NB: This affects Quincy release only. Older (pacific, octopus, et all) use
'wpq' and as much the recovery parameters can be modified as usual. Only
starting from Quincy this has changed.
+
[0] https://tracker.ceph.com/issues/57529
[1] https://github.com/ceph/ceph/pull/48226
[2] https://tracker.ceph.com/issues/55153
--
You received this bug notification because you are a member of Ubuntu
OpenStack, which is subscribed to ceph in Ubuntu.
https://bugs.launchpad.net/bugs/2013960
Title:
Recovery operation takes high priority than client I/O with mclock
scheduler
Status in ceph package in Ubuntu:
New
Bug description:
Starting with Quincy, the mclock_scheduler is used as default for OSD op queue. However, the default recovery settings are very high that it the impact on client I/O can be really high depending on the amount of recovery operations needed to be done.
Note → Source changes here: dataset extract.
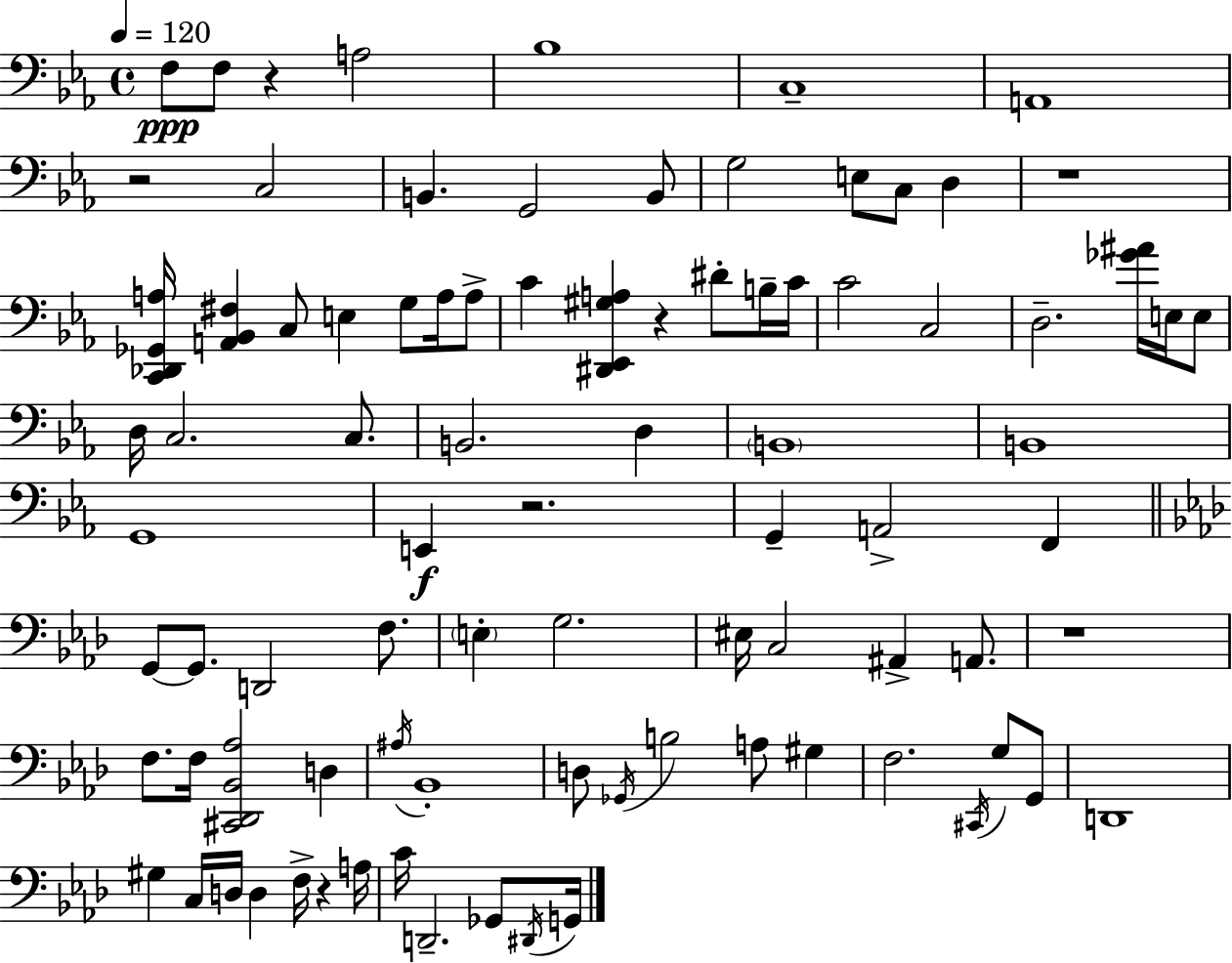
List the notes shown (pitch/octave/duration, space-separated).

F3/e F3/e R/q A3/h Bb3/w C3/w A2/w R/h C3/h B2/q. G2/h B2/e G3/h E3/e C3/e D3/q R/w [C2,Db2,Gb2,A3]/s [A2,Bb2,F#3]/q C3/e E3/q G3/e A3/s A3/e C4/q [D#2,Eb2,G#3,A3]/q R/q D#4/e B3/s C4/s C4/h C3/h D3/h. [Gb4,A#4]/s E3/s E3/e D3/s C3/h. C3/e. B2/h. D3/q B2/w B2/w G2/w E2/q R/h. G2/q A2/h F2/q G2/e G2/e. D2/h F3/e. E3/q G3/h. EIS3/s C3/h A#2/q A2/e. R/w F3/e. F3/s [C#2,Db2,Bb2,Ab3]/h D3/q A#3/s Bb2/w D3/e Gb2/s B3/h A3/e G#3/q F3/h. C#2/s G3/e G2/e D2/w G#3/q C3/s D3/s D3/q F3/s R/q A3/s C4/s D2/h. Gb2/e D#2/s G2/s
This is a bug and has been fixed
in 'main' branch and backported to Quincy [0][1].
There's no upstream Quincy release with this fix yet.
17.2.6 will have this fix which is undergoing QA at the moment.
Workaround:
There are couple of ways this can be mitigated in Quincy.
1. Use the 'wpq' as osd_op_queue. This has been the default in
previous releases and works just fine. This will require restarting
OSDs.
2. Stick with mclock scheduler but use custom mclock profile. This will allow users to be modify recovery parameters.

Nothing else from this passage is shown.